Among the possibilities, not mutually exclusive, were:

  1. The Marshal may, in fact, have been conspiring against Hitler, and with or without the cooperation of the German General Staff.
  2. The Marshal may, in fact, have been conspiring against Hitler
  3. Stalin, on general personality ground may have decided that he was sufficiently a potential rival that it was in Stalin's interest to remove him preemptively.
  4. Soviet Organs of State Security (i.e., the NKVD) had manufactured a dossier, possibly based on some actual correspondence and possibly not, that indicated Tukhachevsky was conspiring; Stalin may have directly participated
  5. The German SD intelligence service, under Schellenberg and Heydrich, may have found the Russian dossier, believing it to be an authentic NKVD document, and gave it to Himmler and Hitler, who decided to feed it back, through deniable channels, to Stalin, in order to discredit the Soviet General Staff and perhaps have it purged before Germany had to fight its more competent officers. The information is believed to have been leaked to Rusisia and France via the Czech President, Evard Benes, using contacts between the SS and NKVD.
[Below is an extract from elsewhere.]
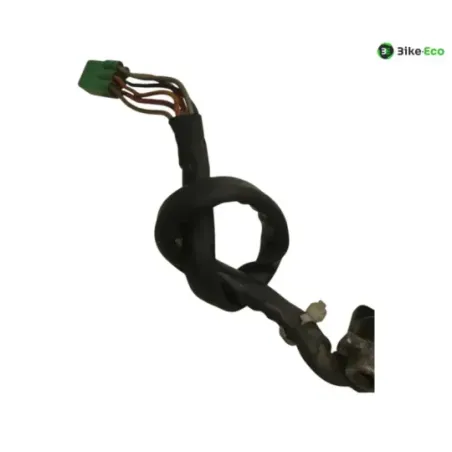 Jeu de serrure contacteur a cle SUZUKI GSX F 750 1998-2003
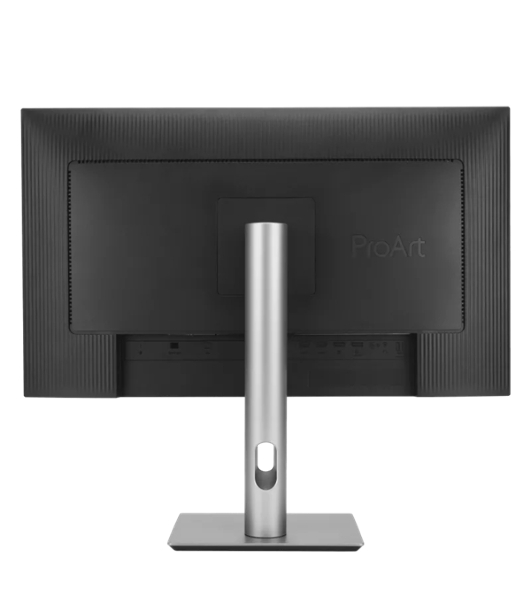 Монитор 27' ASUS ProArt PA279CRV IPS 3840x2160, 60 Гц, 5 мс, 16:9, 400 кд/м², 2xDP 1.4, 2xHDMI 2.0, USB-C, USB Hub (4x USB), 3.5 Jack, DisplayHDR 400, динамики (2x2 Вт), VESA 100x100, черный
Walter Schellenberg suggests that Hitler eventually had to decide if he wanted to deal with Russia under Stalin or Tukhachevsky.[6] Pavel Sudoplatov says that Lavrenti Beria received a dossier and sent it to Stalin. [7] Stalin, however, did not use the documents, but, was his want, "rounded up the usual suspects" in the General Staff and forced them to confess what he wanted. A huge purge of the Soviet leadership resulted, which may well have crippled the Soviet response to the German 1941 invasion, including:

  • 3 of the 5 Marshals
  • 13 of the 15 army commanders (full generals) and 8 of the 9 equivalent admirals
  • 50 of the 57 corps commanders
  • 154 of the 186 division commanders


  1. "Marshal Tukhachevsky: The Red Bonaparte", Perspective on World History and Current Events
  2. Alan Bullock (1991), Hitler and Stalin: Parallel Lives, Alfred A. Knopf, ISBN 0394586018, pp. 101-102
  3. Eric D. Beaty (May 2009), Effects of Operational and Strategic Pauses on Mission Success, School of Advanced Military Studies, U.S. Army Command and General Staff College, pp. 14-17
  4. Information Bulletin dedicated the the 100th Birthday Anniversary of the Founder of Cosmonautics, Embassy of Russia in Indonesia, February 2007
  5. Testimony: the Memoirs of Shostakovich, ed. Solomon Volkov, 1979, pp. 72-79 quoted in Bullock, Hitler & Stalin, p. 492 and 1011n
  6. Walter Schellenberg (2000 reprint), The Labyrinth, Da Capo Books, pp. 25-28
  7. Pavel Sudoplatov; Anatoli Sudoplatov, Jerrold L. Schecter, Leona P. Schecter (1994). Special Tasks: The Memoirs of an Unwanted Witness—A Soviet Spymaster. Little, Brown and Company. ISBN 0316773522.